On general-purpose system allocation of big buffers by driver is
rarely a good idea. On the system dedicated to just one task it could
be pragmatically o.k, but I still don't like it from pure theoretical
point of view.

Anyway, the discussion doesn't belong here. I recommend
http://groups.google.com/group/microsoft.public.development.device.drivers

Michael S · Jul 3, 2010

On Jul 2, 9:04 pm, Charles Gardiner <charles.gardi...@invalid.invalid>
wrote:

Hi Frank,

I am not sure if we understand each other.

Yes, it certainly sounds like that.

What do you mean by
completing the request with IoCompleteRequest? There is no request
from software point of view.

I think this might clear up the reason why your data is missing. (See also below
about the type of DMA). I don't think the S/G list you are getting is describing
your application buffer. This is best done by specifying DO_DIRECT_IO as the DMA
method for your device. If you specify DO_BUFFERED_IO you will get an S/G List
describing an intermediate buffer in kernel space and this probably never gets
copied over to your application space buffer unless you terminate the request.
I've never done the 'neither' method myself and from what I hear, it's a
complicated beast.

The FPGA will do a DMA write (data from
FPGA to PC memory) at its own initiative. The allocated memory is used
as long as the software is running. I do not allocate new memory for
each new DMA transfer, but at startup a large piece of memory is
allocated and the physical addresses are written to the FPGA by the
driver software.

Sounds like you are doing something like a circular buffer in memory which stays
alive as long as your device does?

And yes, we use a DMA adapter in combination with the
GetScatterGatherList method. We already used this in another project
but that was PCI and DMA read (data from PC memory to FPGA).

By the way, where can I set the type of DMA?

Typically, you set the DMA buffering method in your AddDevice function after you
create your device object. Quoting from Oney's book,

NTSTATUS AddDevice(..) {
PDEVICE_OBJECT fdo;

IoCreateDevice(....., &fdo);
fdo->Flags |= DO_BUFFERED_IO;
<or
fdo->Flags |= DO_DIRECT_IO;
<or
fdo->Flags |= 0; // i.e. neither Direct nor Buffered

And, you can't change your mind afterwards.

By the way if my assumption about the circular buffer in your design is correct,
there is a slightly more standard solution (standard in the sense that everybody
on the microsoft drivers newgroup seems to do it). It however requires two threads
in your application. The first one requests a buffer (using new or malloc) and
sets up an I/O Request ReadFile, WriteFile or DeviceIoControl referencing this
buffer. This is performed as an asynchronous request.

There is absolutely no need for a second thread.
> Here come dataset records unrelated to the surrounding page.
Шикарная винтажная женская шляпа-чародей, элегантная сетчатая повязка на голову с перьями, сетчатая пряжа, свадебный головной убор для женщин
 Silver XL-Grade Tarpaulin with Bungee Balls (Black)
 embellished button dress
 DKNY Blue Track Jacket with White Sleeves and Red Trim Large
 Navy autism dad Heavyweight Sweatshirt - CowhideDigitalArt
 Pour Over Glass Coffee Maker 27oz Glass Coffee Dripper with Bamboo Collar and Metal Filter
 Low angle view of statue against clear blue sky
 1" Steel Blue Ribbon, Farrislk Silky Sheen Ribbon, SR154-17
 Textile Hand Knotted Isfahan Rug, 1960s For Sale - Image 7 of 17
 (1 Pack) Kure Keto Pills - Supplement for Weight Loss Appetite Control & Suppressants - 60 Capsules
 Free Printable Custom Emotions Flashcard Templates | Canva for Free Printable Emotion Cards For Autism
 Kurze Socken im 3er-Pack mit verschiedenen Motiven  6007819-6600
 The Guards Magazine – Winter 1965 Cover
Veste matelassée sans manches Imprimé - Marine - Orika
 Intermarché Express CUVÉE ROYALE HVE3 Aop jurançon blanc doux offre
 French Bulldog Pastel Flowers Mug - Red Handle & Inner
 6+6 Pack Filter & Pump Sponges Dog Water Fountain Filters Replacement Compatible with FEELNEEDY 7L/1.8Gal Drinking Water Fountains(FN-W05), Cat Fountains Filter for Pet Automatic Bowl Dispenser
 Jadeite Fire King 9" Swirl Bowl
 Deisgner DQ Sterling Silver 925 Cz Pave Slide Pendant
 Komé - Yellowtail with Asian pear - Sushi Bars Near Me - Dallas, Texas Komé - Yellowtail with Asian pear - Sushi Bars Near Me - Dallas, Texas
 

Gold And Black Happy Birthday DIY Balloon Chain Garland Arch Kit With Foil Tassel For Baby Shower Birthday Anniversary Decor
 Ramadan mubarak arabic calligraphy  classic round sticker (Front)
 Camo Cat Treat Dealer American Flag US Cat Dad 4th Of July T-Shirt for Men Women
Just issue "submit
buffer" overlapped I/O request in a first thread and don't wait for
completion.

The driver recognizes this request and pends it indefinitely, (typically terminate
it when your driver is shutting down, otherwise windows will probably hang).

That's pretty bad advice. As a minimum, you should install the cancel
handler and complete the request on cancellation. Besides, normally
you should stop all DMA activities and complete the request in CLEANUP
routine.
Also it is always a good idea to have custom "stop DMA and withdraw
circular buffer" IOCTL for a normal user-initiated termination.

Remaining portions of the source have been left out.